#### [Data excerpt]

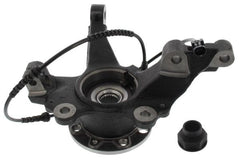 Reparatursatz Achsschenkel Vorderachse links für OPEL CORSA D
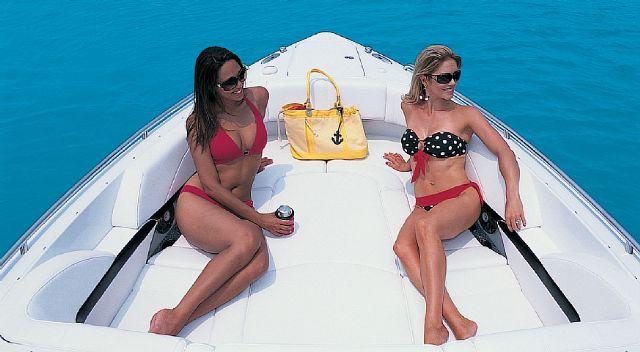 Formula 310 Bowrider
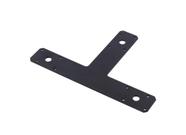 Parafuso HAMPTON Steel T-Plate 0,3 cm A x 20 cm L x 30 cm L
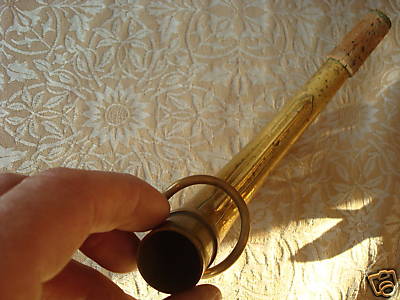 Klingsor Neck Bottom Klingsor Neck Bottom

#### [Work to be completed]
With the pictures left out, return all the material above exactly.

#### [Result of the task]
 Reparatursatz Achsschenkel Vorderachse links für OPEL CORSA D
 Formula 310 Bowrider
 Parafuso HAMPTON Steel T-Plate 0,3 cm A x 20 cm L x 30 cm L
 Klingsor Neck Bottom Klingsor Neck Bottom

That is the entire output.